TV review: Bojack Horseman

Will_Arnett - photo by by David Shankbone

Will Arnett

The Trials and Tribulations of a Cartoon Horse

Back in the 90’s, he was in a very famous TV show. However, last week, Bojack Horseman, the main character of the Netflix original series who is a struggling middle-aged actor (and happens to be a horse) returned in the fifth season.

The main plot of the show has evolved from its early days of playing on the fact that animals and humans can live amongst each other in this make-believe Hollywood setting, this season appears to have a deeper meaning, with brushes of real-life issues being splashed across the story.

Whilst still as cleverly humorous as previous installments, season five takes a slightly darker road, approaching alcohol abuse, drug addiction, death, male superiority, and the #metoomovement.

Leading man/horse Bojack, portrayed by Will Arnett, is both relatable and despicable in his actions, from the conflicts he experiences with his parents to the sexual misconduct a young woman accused him of.

What separates Bojack Horseman from other shows currently addressing so many modern-day issues, is the subtle and at times humorous way these issues are addressed.

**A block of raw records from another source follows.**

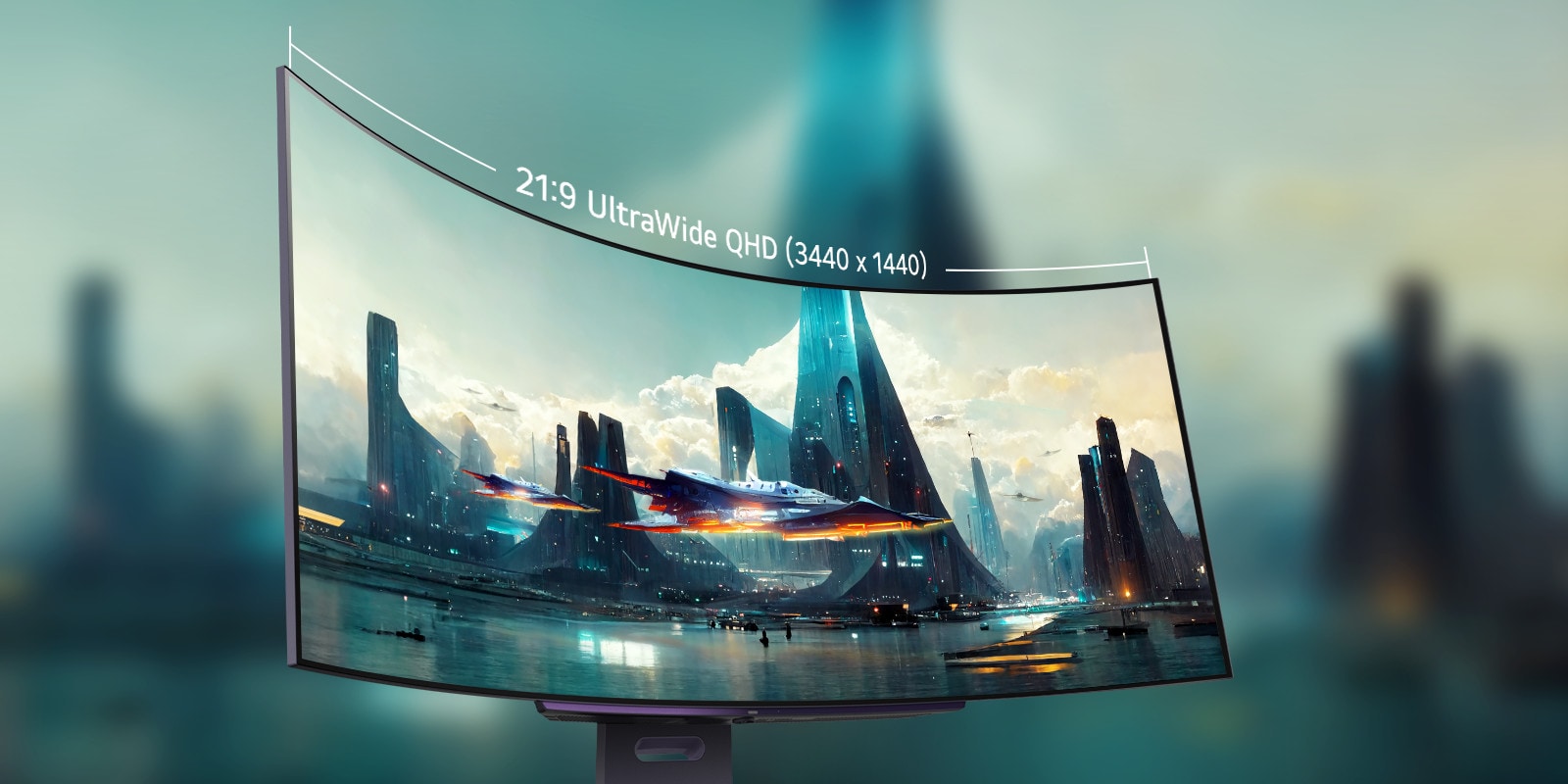 Извитият OLED монитор с формат 21:9 осигурява поглъщащо и завладяващо изживяване, благодарение на балансираното си и оптимизирано съотношение на страните.
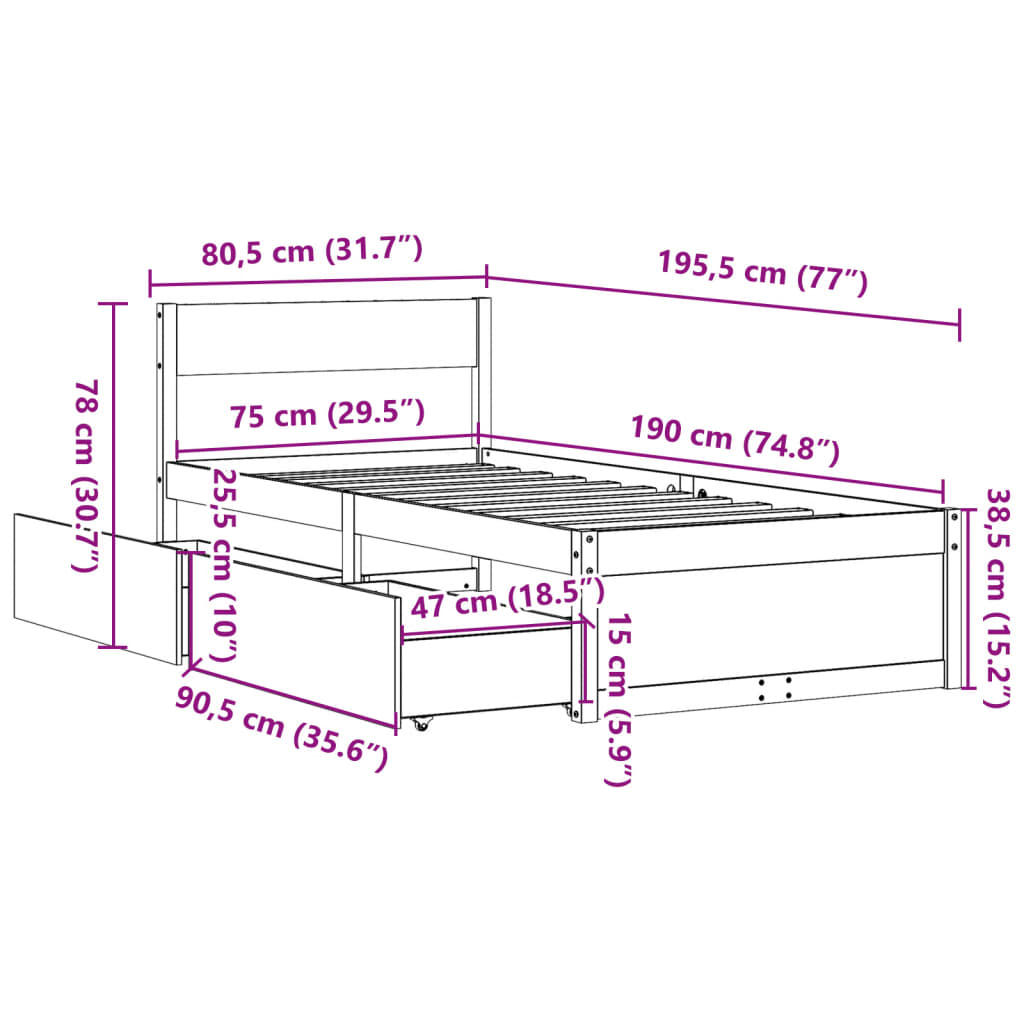 Sengeramme uten madrass 75x190 cm heltre furu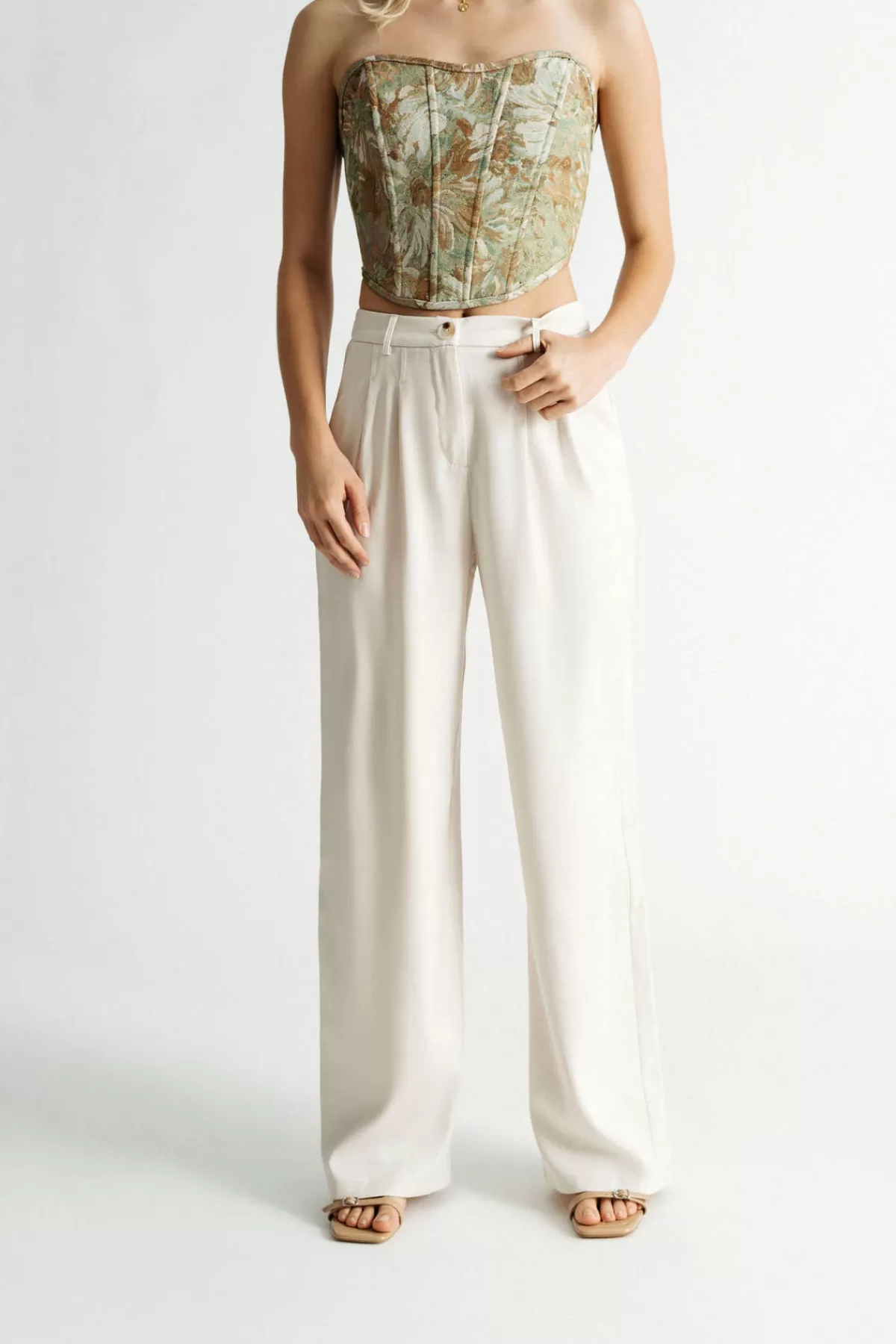 Tobi What A Time Wide Leg Pants - Ivory* Party Shop | Party Shop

In light of the Luis CK and Harvey Weinstein accusations, in which scores of women publicly outed the men for lewd misconduct in the workplace, we are introduced to new character Henry Fondle. Fondle, a poorly assembled sex robot who’s dialogue only contains sleazy sexual innuendos and commands, is promoted as the head of a corporation and becomes one of the biggest businessmen in America. This playful jab from the show’s creators acts as a reminder of how people in these powerful positions can act on a day to day basis, whilst at the same time portraying these sexual deviants as moronic, brainless pests.

Season five shows the audience that you could be a Hollywood actor or a waitress, but everyone has the same issues, and we are working hard to live our best life. At first glance one might question how a cartoon centred around a horse, a cat and a twenty-something woman can tackle such complex issues, however, Bojack Horseman at times seems truer in its storytelling than shows with real-life actors.